Now look at this question. “But how can we sing the songs of the LORD while in a pagan land?” (Psalm 137:1-4) By the way, that question right there forms the foundation of the entire book of Daniel. Daniel answers the question, “How do we sing and serve the Lord when everything we had hoped and built our life upon comes crashing down upon us?”

What do we do when the things we believed, the things we hoped, when the things we were taught, when the very truths that were our foundational statements, that everything we believed just crashes, and the landscape on which we stand absolutely shifts, and there is a tectonic movement of life, and we find ourselves in an absolutely unfamiliar land, and the place we are now doesn’t look like or believe anything like what we believed? What do we do then?

Is it possible that in a place with a people and a philosophy and a theology of which we deeply disagree in every way, shape, or form, is it possible we can be people of faith in foreign soil? Can the seed of the gospel take root in a hostile environment, hostile in every way? Verse 5: “If I forget you, O Jerusalem, let my right hand forget how to play the harp. May my tongue stick to the roof of my mouth if I fail to remember you, if I don’t make Jerusalem my greatest joy.” (Psalm 137:5-6)

Why is Jerusalem so important to them? What was in Jerusalem? The temple. The temple was in Jerusalem. What was inside the temple? The shekinah glory. The temple wasn’t just a place where they worshiped; it was a place during the times of Solomon, the Holy Spirit, it became a prefigure of the incarnation of Jesus. The Holy Spirit, the shekinah glory, the presence of God came and dwelt in that place.

When we think of it as a church, we’re really not thinking properly. It’s really the palace of God. When they tore down the temple, it was the same idea in their minds as if somebody took the White House apart and moved the entire White House to a foreign capital somewhere. They moved it to Beijing, or they moved it to Moscow, or they moved it to Saudi Arabia, and they said, “Listen. Your empire doesn’t work. Your government doesn’t work. Your Declaration of Independence doesn’t work. Your system of Capitalism doesn’t work.

You are now under our power. We’re going to move you over here. We’re going to teach you a different language. We’re going to give you a different identity. We’re going to give you a different god to serve. We’re going to give you a different way to live. We’re going to give you a different diet to eat.
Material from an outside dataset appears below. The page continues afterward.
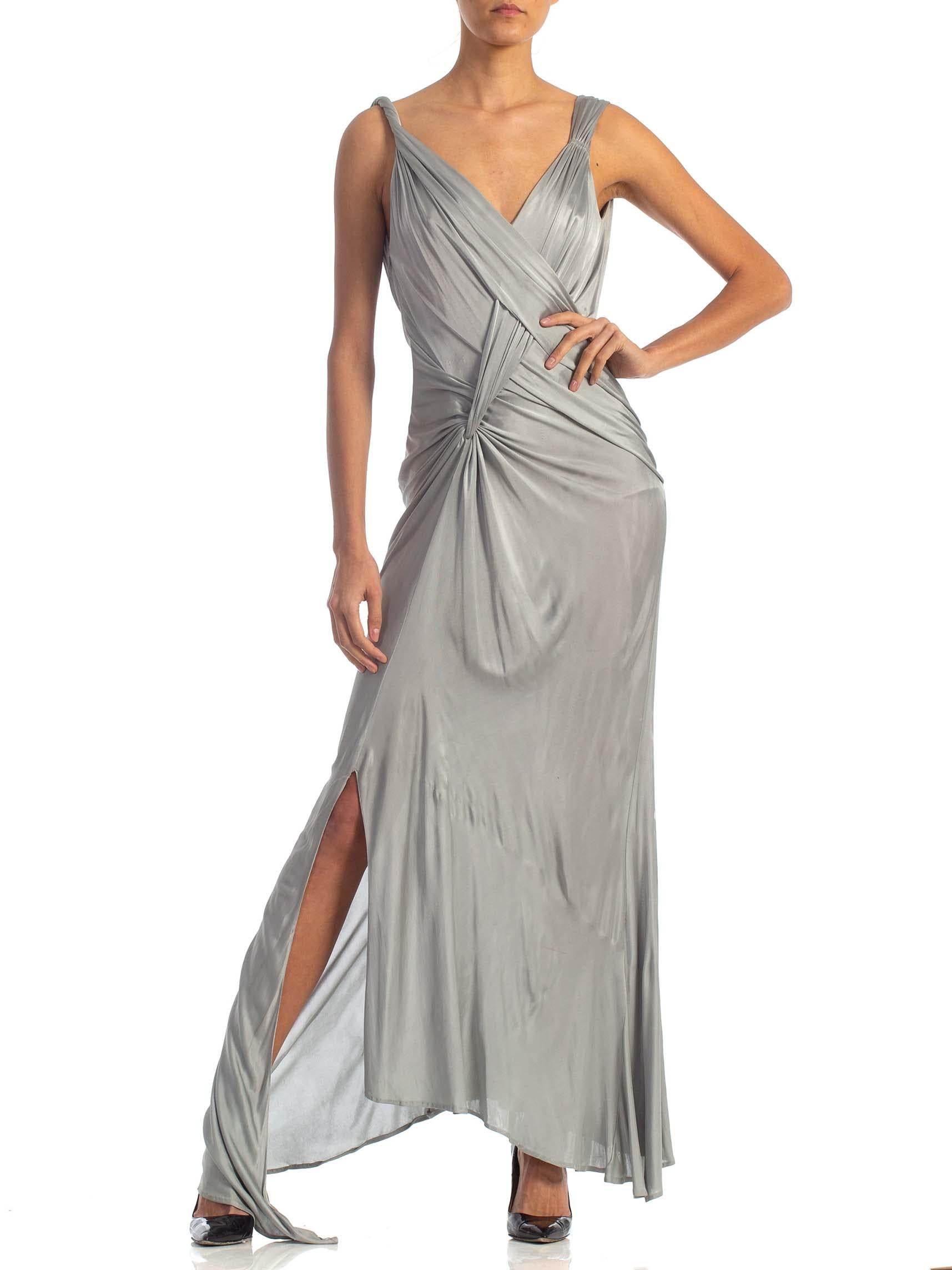 2000S JOHN GALLIANO Dove Grey Rayon Jersey Backless Gown With Slit In Excellent Condition For Sale In New York, NY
Here’s what’s going to happen to you.” That not only happened to Daniel; that also happened to Ezekiel. Ezekiel is in that place of exile. Jeremiah had a really tough time during this period. If you’re kind of following your notes there, there are several things.

1. What is exile? Well, technically, it’s this period of time where the kings have done so wickedly. If you’ll remember the book of Kings originally was just one book, and it was written to answer the question, “Is God fair? Is God just?” because he allowed Assyria to come in and take off the northern kingdom and Babylon to take off the southern kingdom. Is God just in what he does?

Those lists of kings are the evidence presented before the cosmos, “God is more than fair. God is just.” God is more than just; God is gracious. He kept giving them chance after chance after chance after chance, generation after generation after generation, and they kept turning their backs on God. Not only turning their backs on God, sacrificing their children, worshiping abominations. It was perversion beyond imagination. God finally said, “That’s it.”

Let me just say something that is so incredibly important. Grace doesn’t make sin safe. Grace doesn’t make sin safe. The fact that God is graceful doesn’t mean that ultimately he will not allow judgment to come in your life. He will. Now what happens (and this is incredibly important) when we are living under God’s blessing… Imagine we’re in this room right here. If we weren’t in this room, what would we be? Cold. Very, very, very cold.

A couple of weeks ago we were in Minneapolis, and where I was staying there was a gym right across the street. I would go and work out and work out my knees. Normally, when I work out my knees, since I’ve had this, I would ice my knee after I worked it out. But the nice thing about it being 27 degrees below zero is you don’t have to ice anything. You could just go sit on the curb. If you go outside, you’re freezing. You come inside, there’s steamy coffee. There’s just nice, warm…

Here’s what the blessings of God is. It’s where we choose to live in the dome of God’s kingdom. We choose to live under that dome of his protection, of his blessing. Here’s what cursed is. It’s when we choose to live outside of that dome, when we decide, “No, I’m going to go on my own. I’m going to go my own way.”

It’s not like God says, “You go outside. I’m going to make you real cold.” No, we just live in a cold land. We live in a cursed land. We live in a land of brokenness, and God, in his graciousness, reaches over even in our broken land and says, “I’m going to put my hand over you. That’s going to protect you. That’s going to guide you.”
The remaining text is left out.